“Character education” tends to mean vapid posters exhorting students to niceness, notes Betsy, who endorses a NRO column on teaching character through literature or even movies, such as the new adapation of Pride and Prejudice or Harry Potter and the Goblet of Fire.
One of the most magical things about J. K. Rowling’s Harry Potter books and now films, the last two of which have been just splendid, is the way they subtly weave lessons about ethical choice and character into their gripping plots. Indeed, the plots themselves pivot on the crucial choices of the major characters for good or for evil, choices that at once form and reveal character.Attention to moments of choice and to the development of character, for example, in the latest Potter film and in the wonderful film version of Jane Austen’s Pride and Prejudice, can help to educate the moral imagination of young and old alike.

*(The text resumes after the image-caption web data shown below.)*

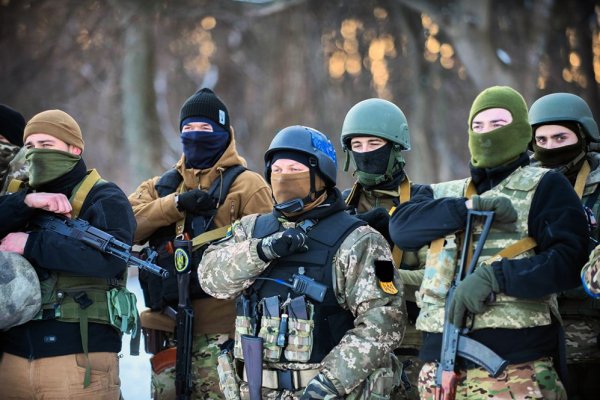 Kraken ссылка krakentor site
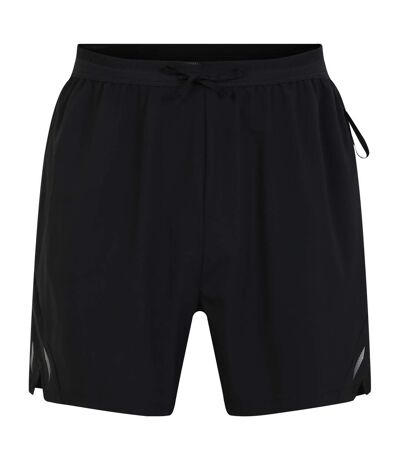 Short décontracté homme noir Dare 2B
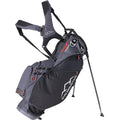 14-Way Golf Stand Bag B15779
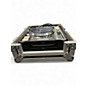 Used Denon DJ DNS5000 DJ Player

P&P is about making sound judgments in a world that resembles a gossipy. status-conscious high school. Harry Potter must face his insecurities to muster his courage to fight evil.



I particularly liked the allusions about “feeding the moral imagination”. The best part about a good story is that it slips the lession behind the conscious and into the heart.
We have used stories almost from the beginning to teach our kids all kinds of lessons - everything from “don’t go in the street” to the value of friendship.
I even use stories liberally in my college class to illsutrate finance and economics concepts.